I was trying to present a hypothetical situation where 

1) genpatches-x-y-z is shipped in upstream-x1-y1-z1

2) upstream has been released as stable (and I mean not marked ~ in portage).

3) corresponding genpatches and upstream sources (gentoo-sources and vanilla-sources) are marked stable within a close time frame (consider if the time difference was 2 months, 1 month, 2 weeks, 1 week, 1 day, 1 hour.....)

4) This is consistantly the case.

5) A whole lot of other assumptions have been made.

So maybe to ask differently.

Under what situations do you think that genpatches would become ineffectual and should modify it goals to, for example, be a test bed of patches (and have the instability that may result) or as another example becomes a project that backports security fixes to a collection of supported older kernels.

----------

## dsd

i dont think that will ever happen

we'll always need the option (even if seldom used) of patching our officially supported kernel. for example, the most recent security bug was reported to vendor-sec and the kernel security group by ourselves. various potential fixes were thrown around, one was agreed on as a suitable fix, but at this point it was not clear whether a linux-stable maintainer was even awake to publish a new release. in this situation, there would be absolutely no point in us waiting potentially hours for 2.6.17.4 to appear, we obviously want to get on the case right that moment.

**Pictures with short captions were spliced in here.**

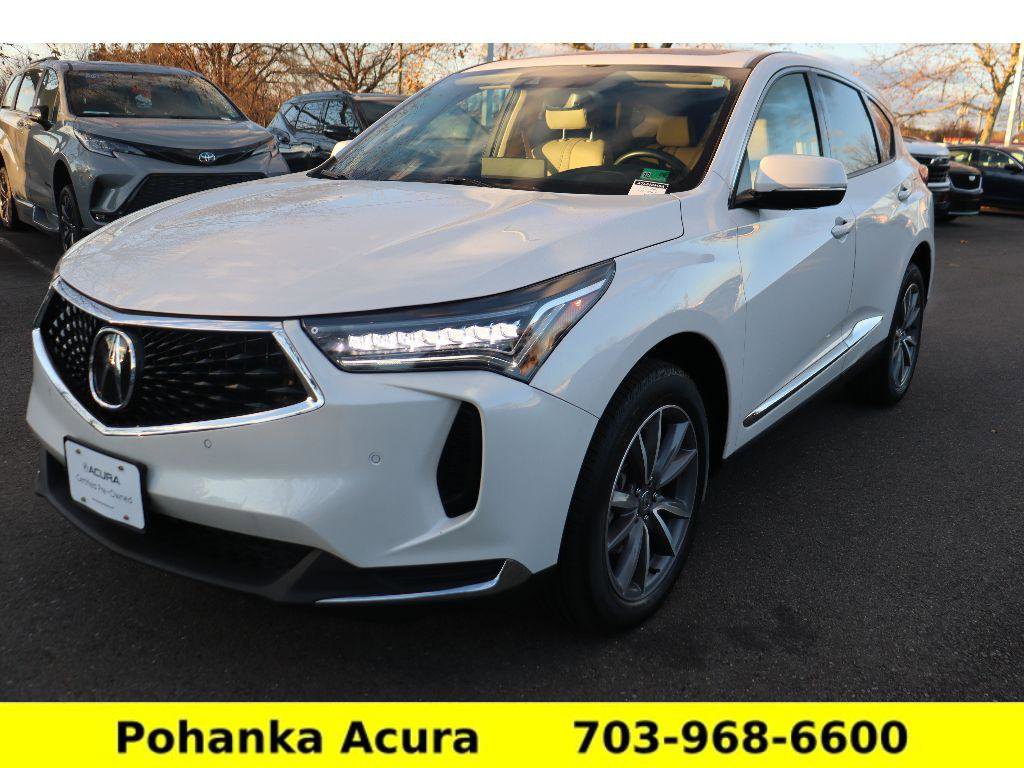 Certified 2023 Acura RDX AWD w/ Technology Package image 3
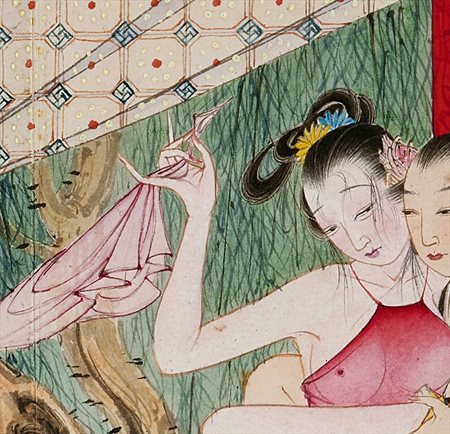 利津-迫于无奈胡也佛画出《金瓶梅秘戏图》，却因此成名，其绘画价值不可估量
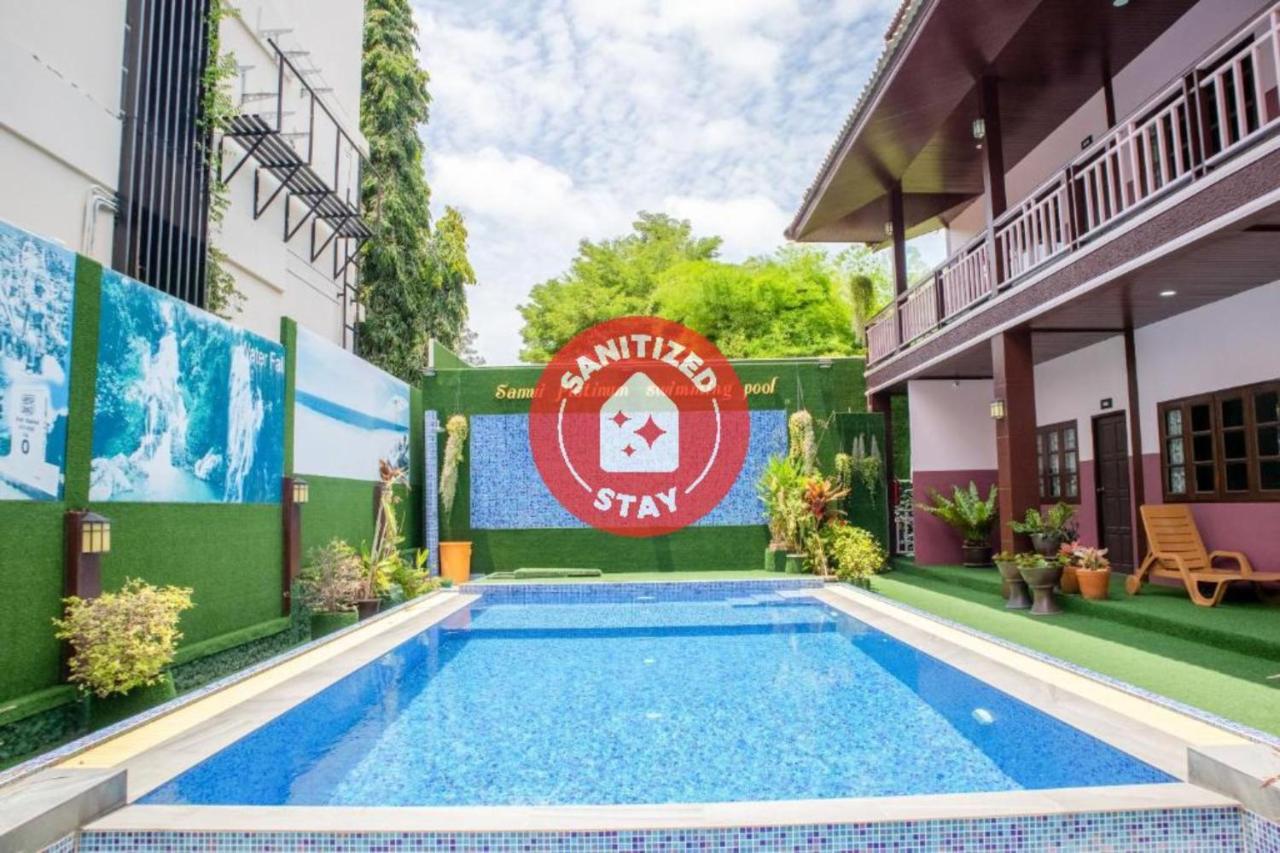 Oyo 927 Samui Platinum Hotel Bophut Ngoại thất bức ảnh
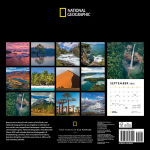 Alternative view 5 of 2026 National Geographic: Most Beautiful Places Wall Calendar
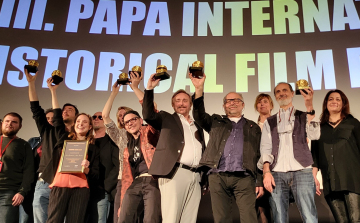 Ismét Pápára jönnek a legjobb történelmi filmek a nagyvilágból!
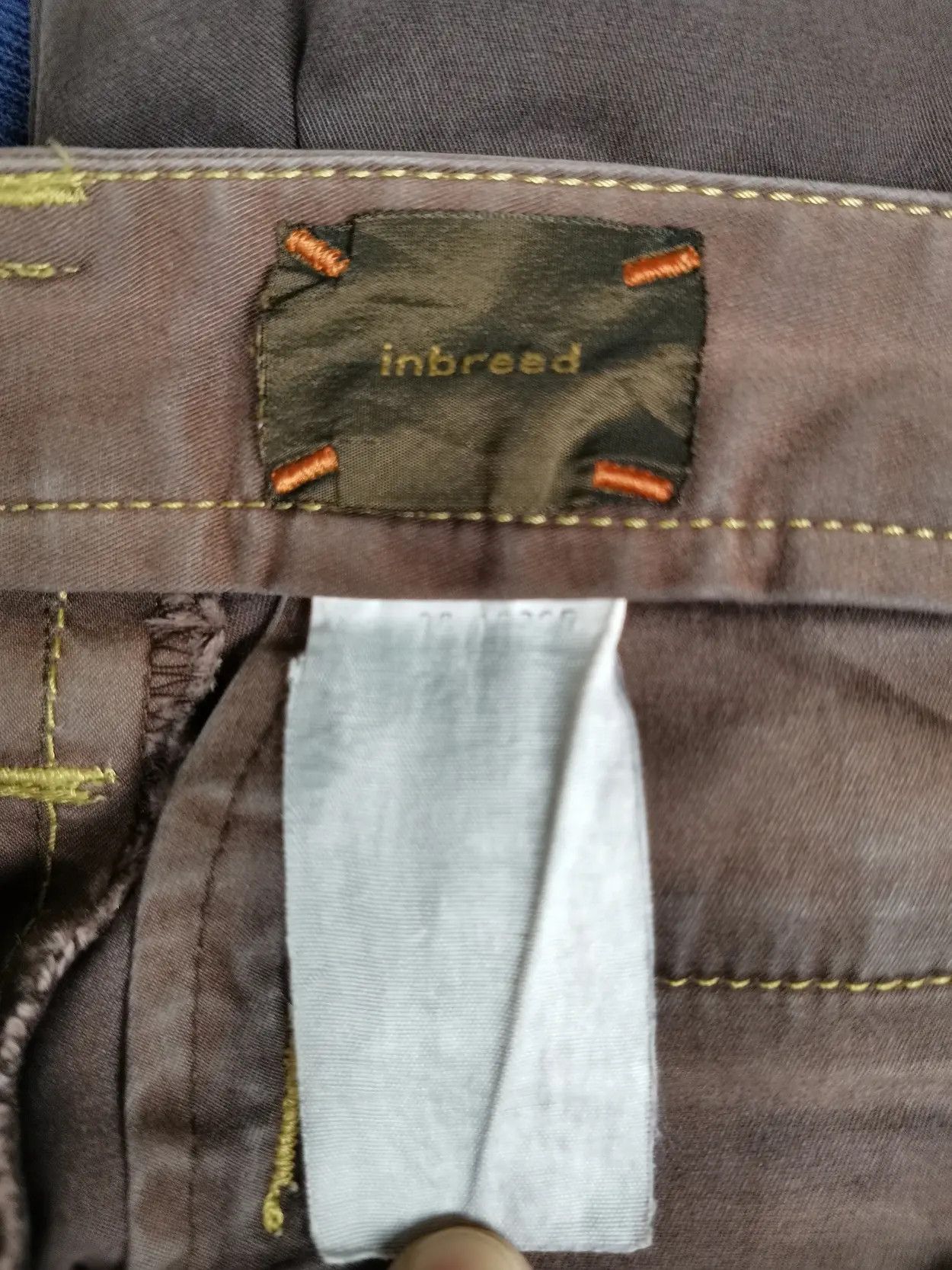 Japanese Brand Rare!!! Inbreed Tactical Cargo Multipocket Pants Size US 27 - 3 Thumbnail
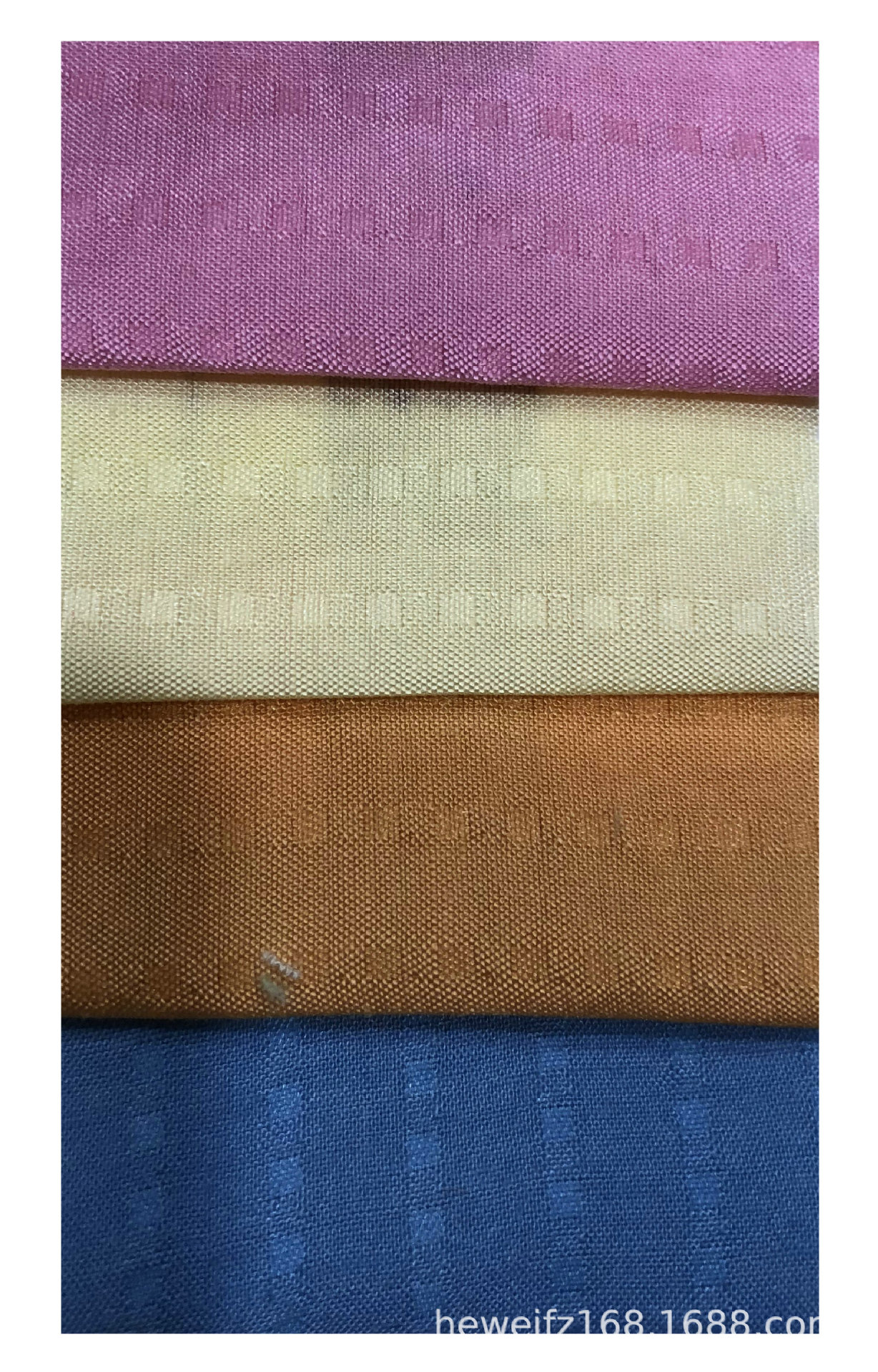 厂价直销 F2095 现货供应玉米格  高档时尚男女服装涤纶面料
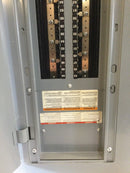 Square D 225A 208Y/120VAC 3Ph 4 Wire Series E2 MLO Type QOB Panel Board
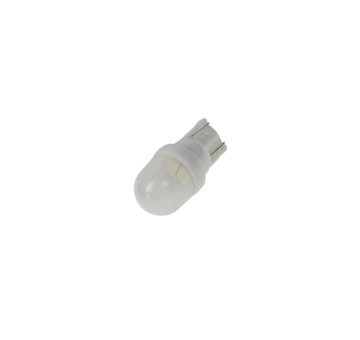 LED žárovka 12V s paticí T10, 2LED/5630SMD, keramika, STM 95230K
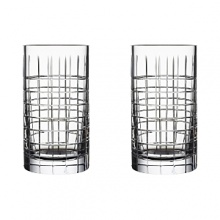 Orrefors Street Tumbler Pair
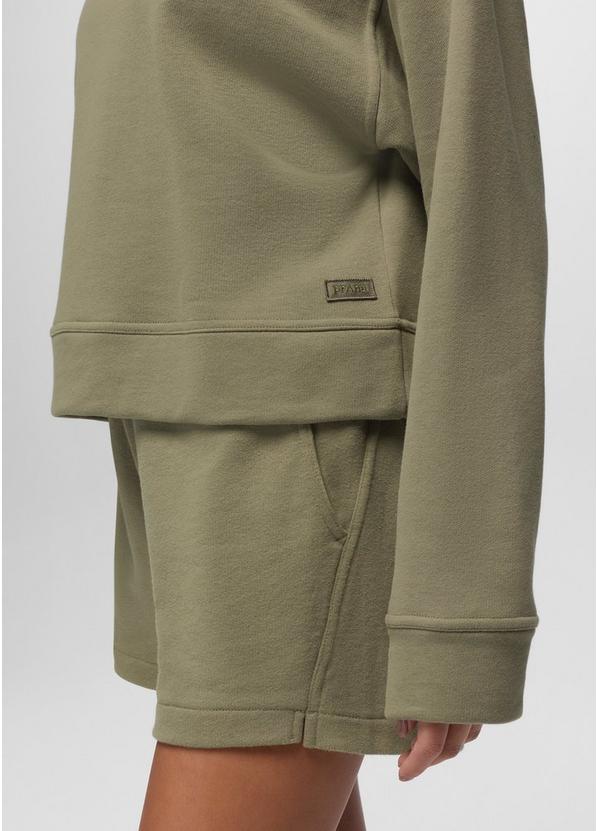 DreamTerry Crew Sweatshirt, Color: Sage, image 4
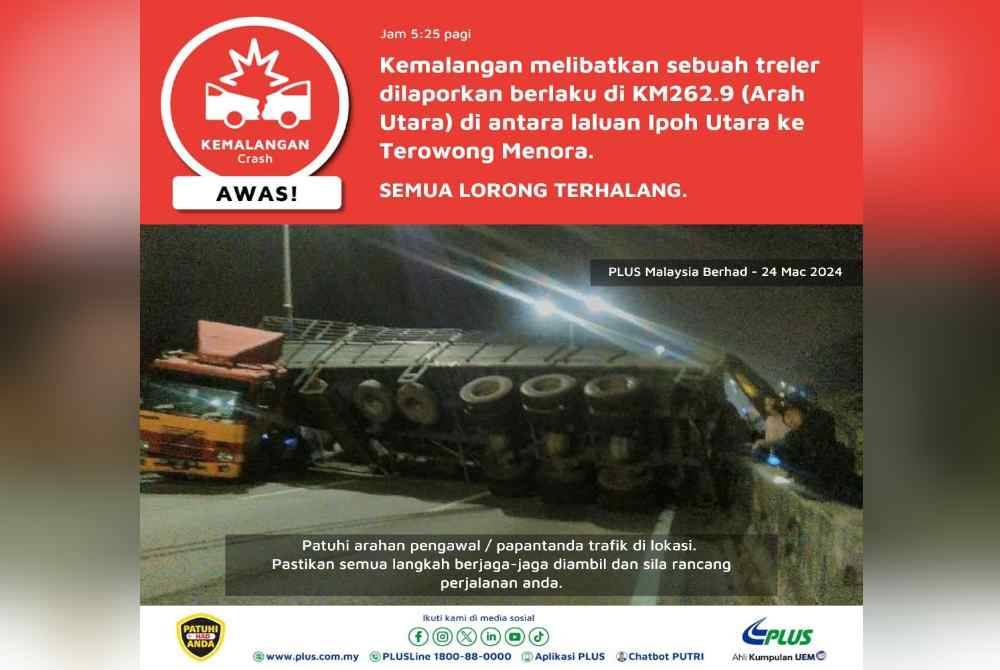 Perkongsian PLUS Malaysia Berhad.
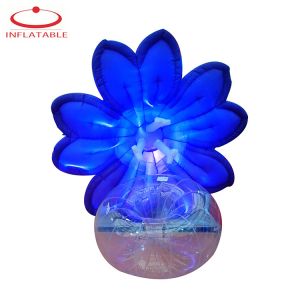 Customized Inflatable LED Light Advertising Giant Inflatable Flowers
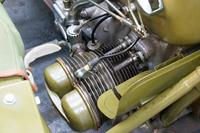 BMW R75 combination 1943 750cc 2 cyl ohv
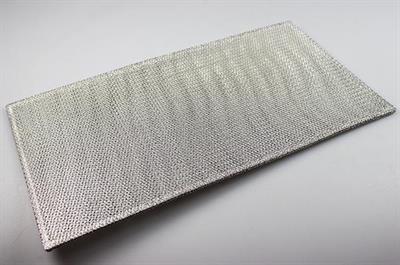 Filtre métallique, AEG-Electrolux hotte - 200 mm x 365 mm
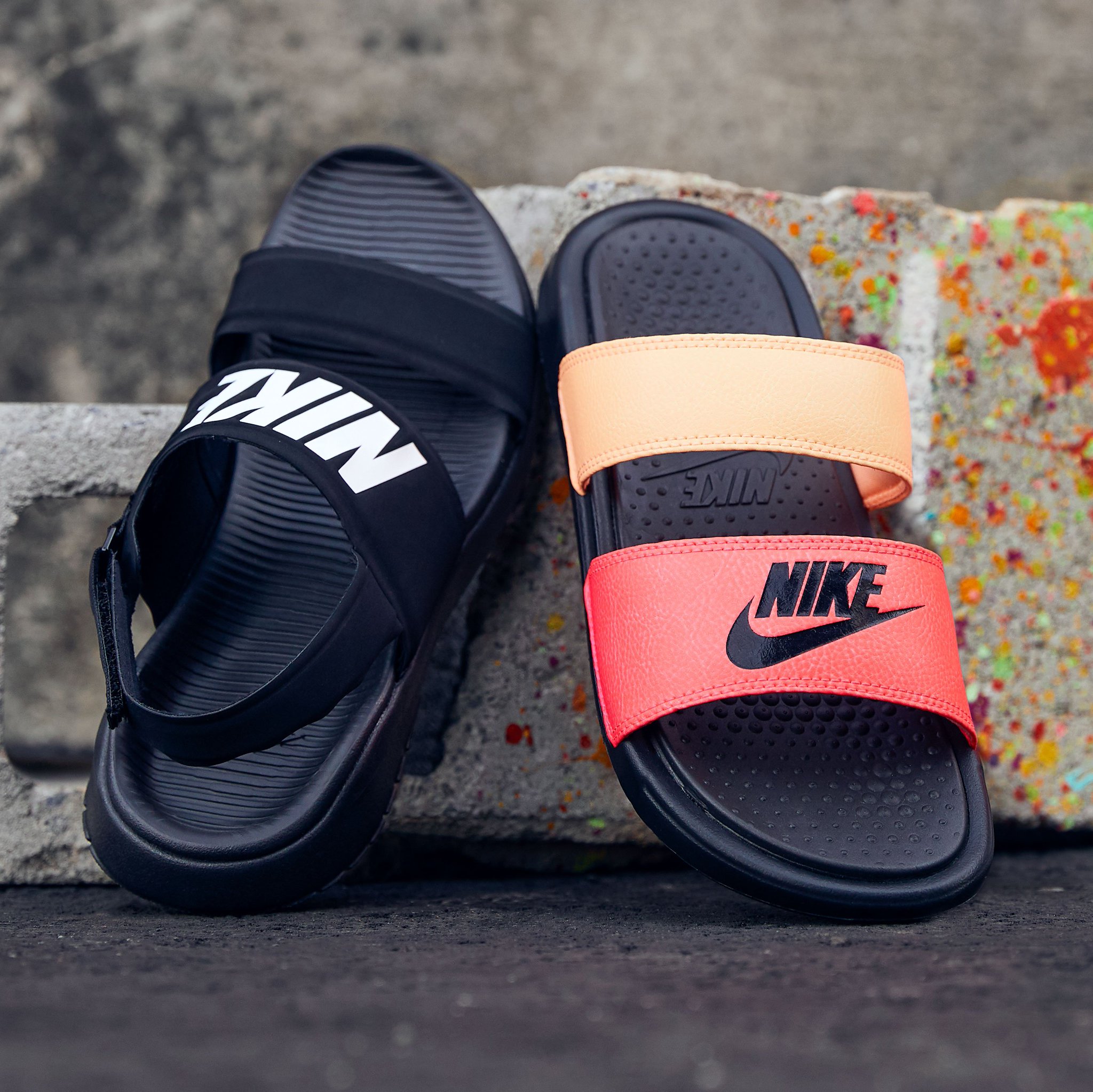 rack room shoes nike sandals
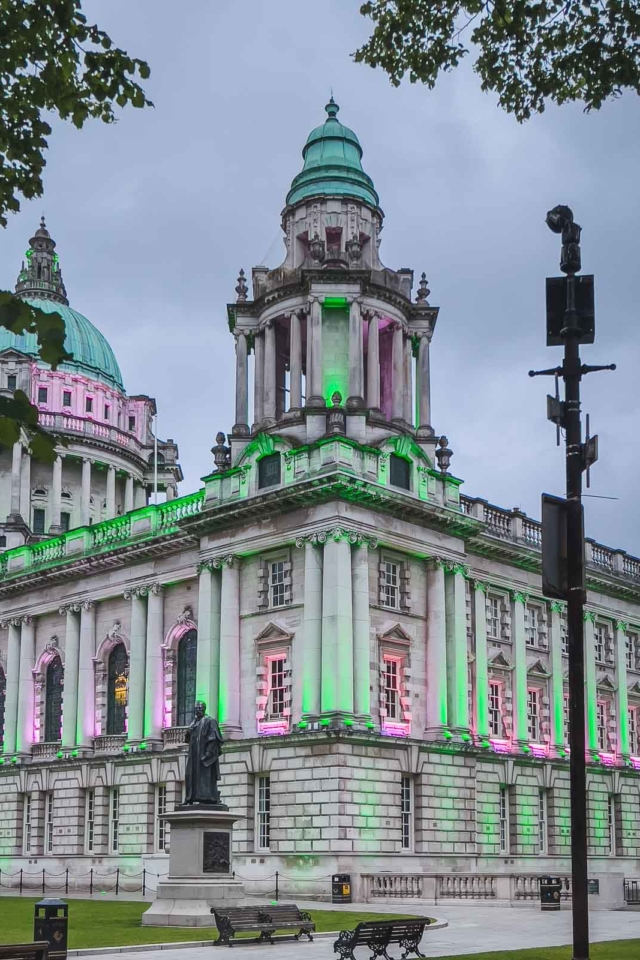 things to do in belfast city hall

as well as that, we also need to provide completely untouched (and never to be touched) sources to keep the support from the kernel development community.

in terms of making a gentoo-specific experimental patchset, i dont think that is likely. firstly, any heavily patched kernel is a maintenance nightmare. secondly, such a test-bed should be produced upstream and shared between all distros. this is already the case: the -mm kernel is the testbed for patches.

as for using genpatches to provide security fixes for older kernels, the system is set up to allow exactly that, and it already happens to a certain extent. a couple of developers continued maintenance of hardened-sources-2.6.14 (by producing genpatches releases) up until a few weeks ago. this would happen more often if we had the manpower to do so, and also there need to be good reasons for us to spend time doing this (it is very time consuming and there are always other things to work on)

----------

## dsd

it is also worth noting that we generally do not recommend vanilla-sources for use. this is because we do not fix it if it is broken. instead, we recommend gentoo-sources, which as you have noted is becoming more and more identical to vanilla-sources, except we do fix it when bugs are reported.

it is useful that the linux-stable branch does now exist. this means that vanilla-sources are generally much less broken, since they release small incremental versions to fix the big bugs. remember this is still a fairly new thing. even though that linux-stable makes genpatches maintenance so much simpler (and the inverse is true as well: we are one of the most regular contributors to linux-stable), their patching style does not fully meet the needs of gentoo, so we have to provide a small patchset on top.

so, instead of viewing it that we potentially provide two very similar kernels (vanilla-sources and gentoo-sources), view it as the fact we only support one of them: gentoo-sources, and the other is provided for good measure and to ease development and testing.

----------